_DESCRIPTION OF THE TASK_: Give again only the lines from the line that holds "NEW - Vintage" to the end of the data, inclusive, omitting all pictures.

-- TASK INPUTS follows --

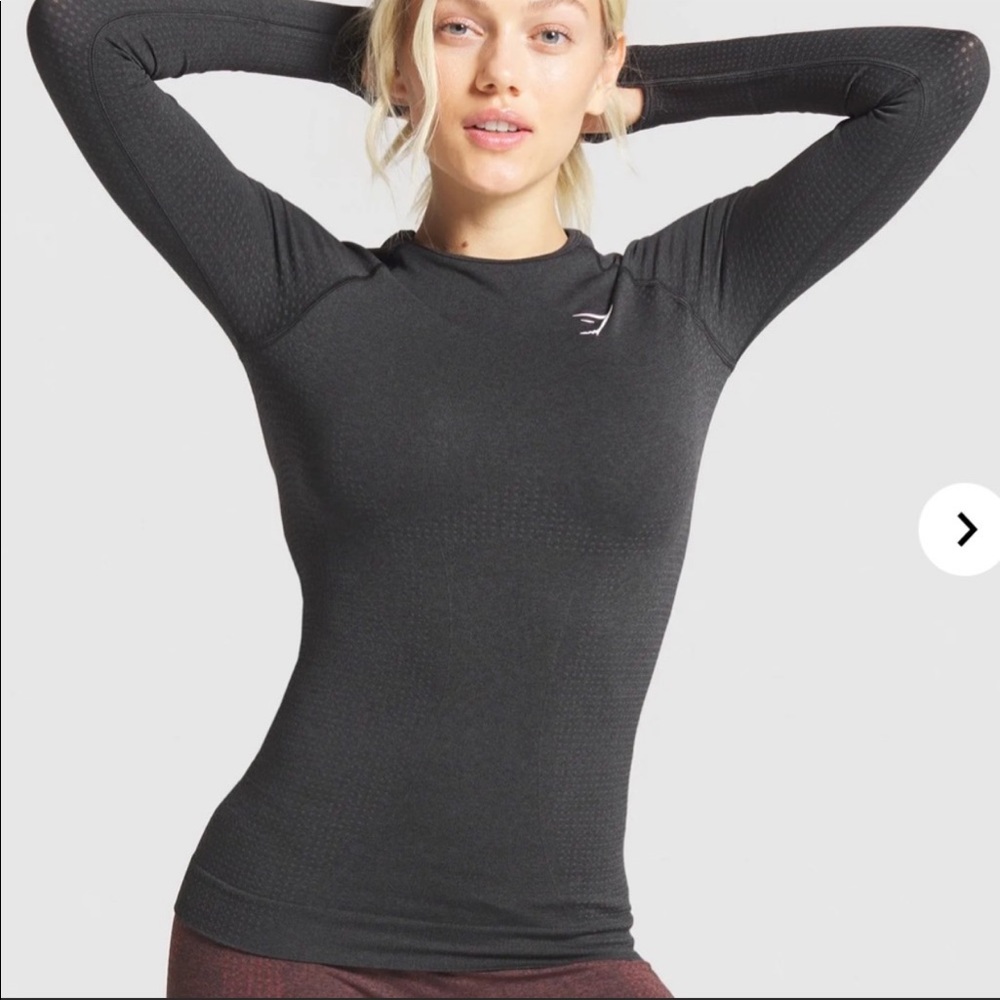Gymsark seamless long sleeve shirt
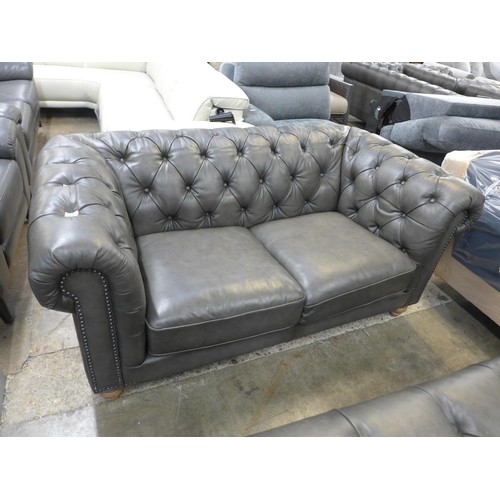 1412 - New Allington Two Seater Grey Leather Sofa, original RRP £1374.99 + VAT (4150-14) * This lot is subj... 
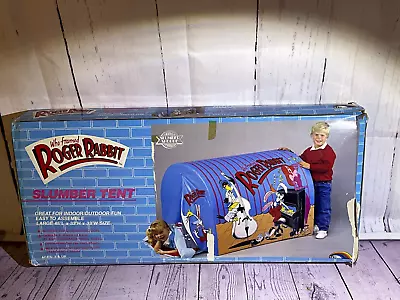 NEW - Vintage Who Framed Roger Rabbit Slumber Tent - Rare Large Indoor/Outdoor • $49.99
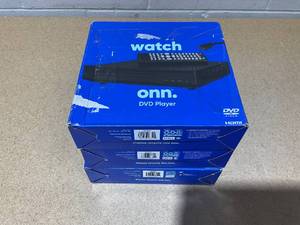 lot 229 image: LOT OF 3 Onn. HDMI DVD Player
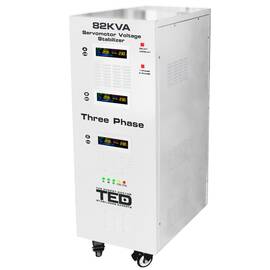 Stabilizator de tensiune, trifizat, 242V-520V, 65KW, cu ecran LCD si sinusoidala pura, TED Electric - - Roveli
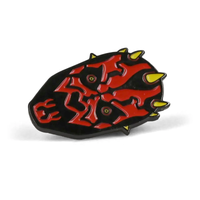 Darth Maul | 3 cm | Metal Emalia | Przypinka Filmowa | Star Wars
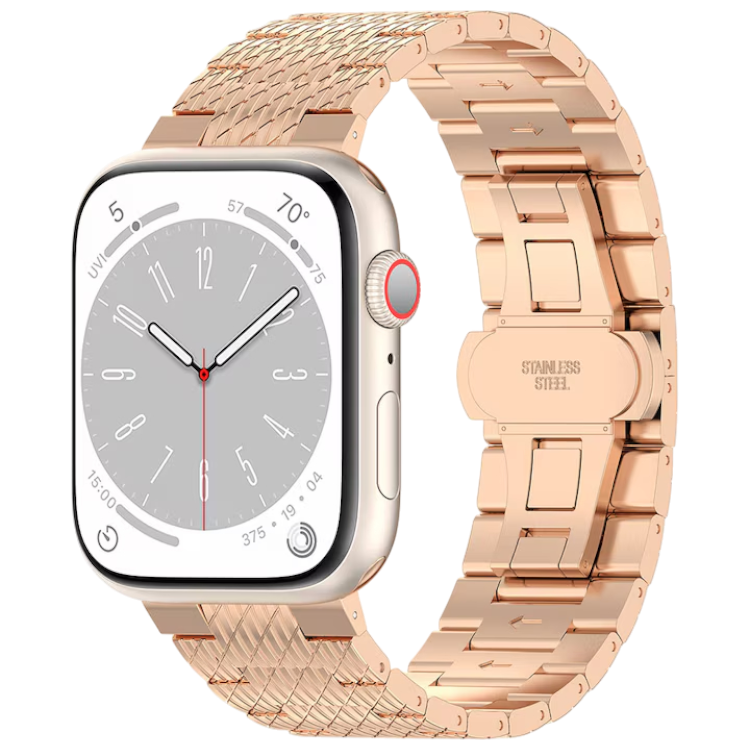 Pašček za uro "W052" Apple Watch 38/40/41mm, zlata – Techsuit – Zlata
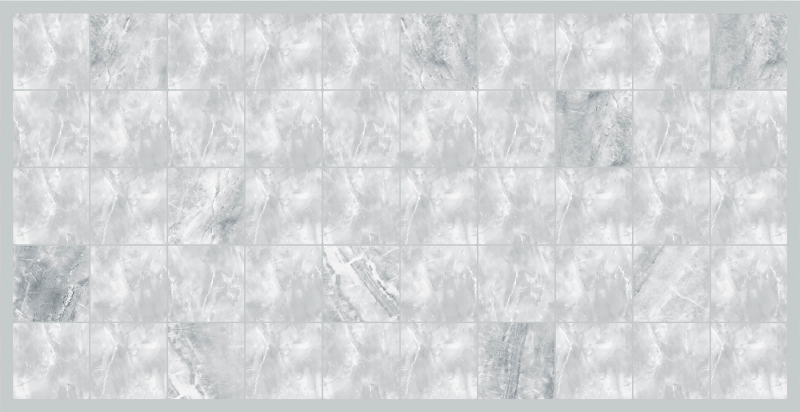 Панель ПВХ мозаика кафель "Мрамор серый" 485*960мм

-- TASK INPUTS concluded --

_ANSWER SECTION_:
 NEW - Vintage Who Framed Roger Rabbit Slumber Tent - Rare Large Indoor/Outdoor • $49.99
 lot 229 image: LOT OF 3 Onn. HDMI DVD Player
 Stabilizator de tensiune, trifizat, 242V-520V, 65KW, cu ecran LCD si sinusoidala pura, TED Electric - - Roveli
 Darth Maul | 3 cm | Metal Emalia | Przypinka Filmowa | Star Wars
 Pašček za uro "W052" Apple Watch 38/40/41mm, zlata – Techsuit – Zlata
 Панель ПВХ мозаика кафель "Мрамор серый" 485*960мм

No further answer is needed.